In 1992, Queen Elizabeth gave a speech marking her fortieth year as Queen of England. Her speech is better remembered, however, as her expression of how difficult that year had been. She called it a “horrible year” – “not a year on which I shall look back with undiluted pleasure,” the Queen said. “In the words of one of my more sympathetic correspondents, it has turned out to be an ‘Annus Horribilis.’ I suspect that I am not alone in thinking it so.”

Spiked by OW Bunkers’ collapse, the bunkers industry has had not just one “annus horribilis,” but “anni horribilis” – horrible years. The world-wide petroleum market fell out at about the same time as OW Bunker failed. Prices dropped and so did profits, as the maritime industry contracted and bunker demand decreased.

The causes of the OW collapse are well known. After accruing hundreds of millions of dollars in liabilities for bunkers OW had “purchased” from physical suppliers, and after OW’s financial bulwark – ING – pulled its credit line, OW went bust. Following OW’s collapse, a litigation bonanza ensued, involving bankruptcy proceedings, interpleader cases, arbitration proceedings in London, and vessel arrests and attachments. At last count, there were more than 830 legal actions pending throughout the world.
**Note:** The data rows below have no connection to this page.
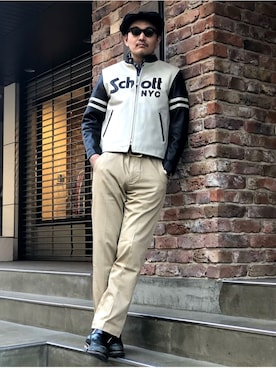 「schott（ショット）のSchott/ショット/URBAN CHINO PANTS/アーバン チノパンツ（チノパンツ）」を使った、matsuuraさん（メンズ・189cm）の冬コーディネート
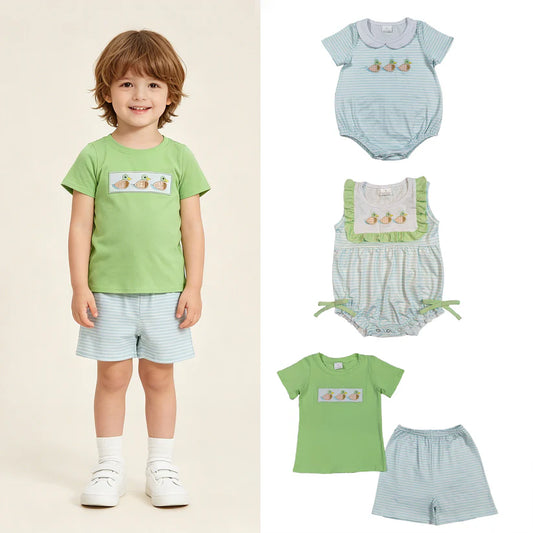 Embroidery Mallard duck top matching shorts boy summer outfit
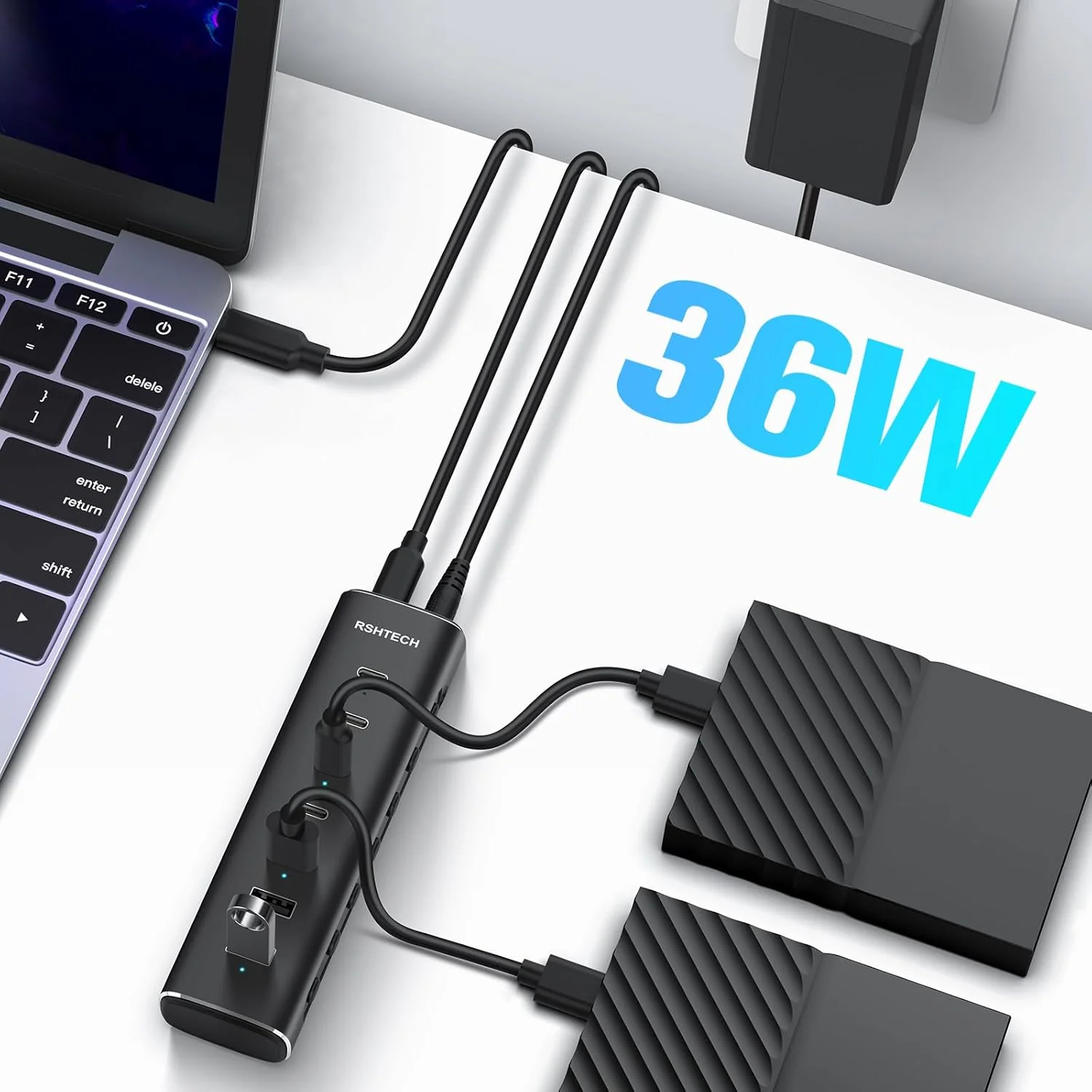 RSHTECH Alle 7 Anschlüsse sind USB-C Hub 3.2 mit Netzteil - Aktiver Verteiler 3.1 - Aktiv Schaltbaer - Image 5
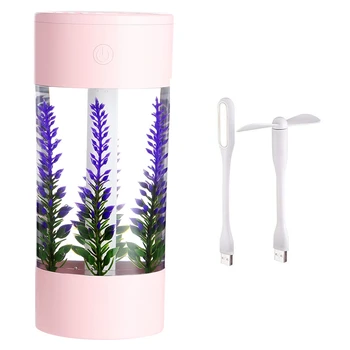 

360Ml Air Humidifier Lavender Landscape Usb Mini Car Humidifier Portable Aromatic Oil Diffuser 7 Color Change Lamp USB Humidifie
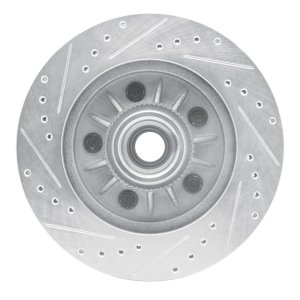 Ford Expedition Brake Rotor (1) - Front Right - R1 Concepts - Drilled & Slotted - Silver - `99-`04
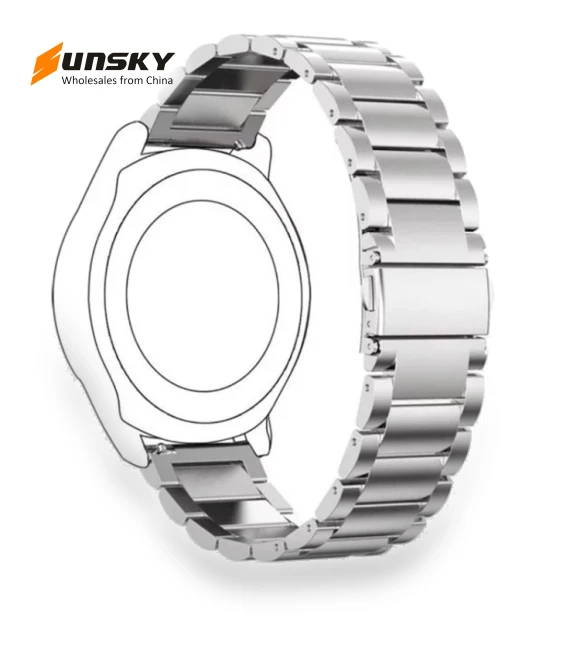 Three Flat Buckle Stainless Steel Replacement Watchband — Watch Straps & Bands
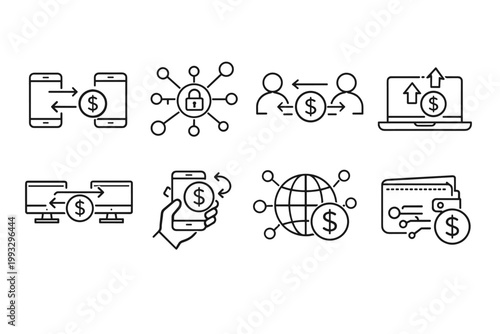 P2P Peer to Peer Payment Icon Set with Digital Transaction, Decentralized Network, Mobile Wallet, Online Money Transfer, Global Banking, and Secure Financial Technology Line Art Vector Illustrations.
Into 2016, traders and physical suppliers that had sold to OW experienced compounded losses as court after court throughout the world refused to recognize their claims. With few exceptions (Canada Federal Court’s decision in Canpotex, for example), courts held against traders and physical suppliers and for an entity led by ING Bank, which claimed to have rights to all OW receivables. Every U.S. court in 2015 and 2016 faced with competing maritime lien claims over the provision of bunkers involving OW Bunker concluded, without exception, that the physical suppliers did not meet the statutory requirements of U.S. maritime law and did not have maritime liens against the vessels to which they had provided bunkers.

A number of U.S. courts went a step further, finding that OW Bunker’s purported assignee – ING Bank – had met the statutory requirements and therefore held maritime liens in rem against individual vessels. This was despite the fact that ING had taken assignment under a document incorporating U.K law (the courts overlooking that U.K. law does not recognize in rem maritime liens for bunker provision).

The fact patterns present in the OW Bunker cases are, for all intents and purposes, identical. Each case involved a series of transactions between (a) a vessel owner or charterer, (b) one or more OW entities, (c) sometimes, a series of “downstream” traders, and then (d) a physical bunker supplier. Each transaction was purportedly concluded at arms-length and involved an independent sale-and-purchase of the subject bunkers, through which the final OW entity ultimately “sold” bunkers to vessels for which physical suppliers had never been paid.

In the United States, physical suppliers with U.S. choice of law clauses in their terms and conditions proceeded either to arrest the vessels to which they had provided bunkers, or intervening in arrests that ING made, asserting maritime liens under the Commercial Instruments and Maritime Lien Act, 46 U.S.C. § 31342, et seq. (“CIMLA”). Asserting that it was the assignee of OW’s receivables, ING joined those actions (or initiated its own) and declared that it held maritime liens against the vessels. Many of the U.S. actions were subsequently converted to interpleader actions when the vessel owners deposited funds into the courts’ registries sufficient to pay for the value of the bunkers that had been provided to the vessels.

Under CIMLA, a maritime lien arises in favor of an entity that (1) provides necessaries (2) to a vessel (3) on the order of the owner or someone authorized by the owner. In the U.S. actions, the substantive legal issue concerned the third element: “which entity was acting “on the order” of the owner or someone authorized by the owner?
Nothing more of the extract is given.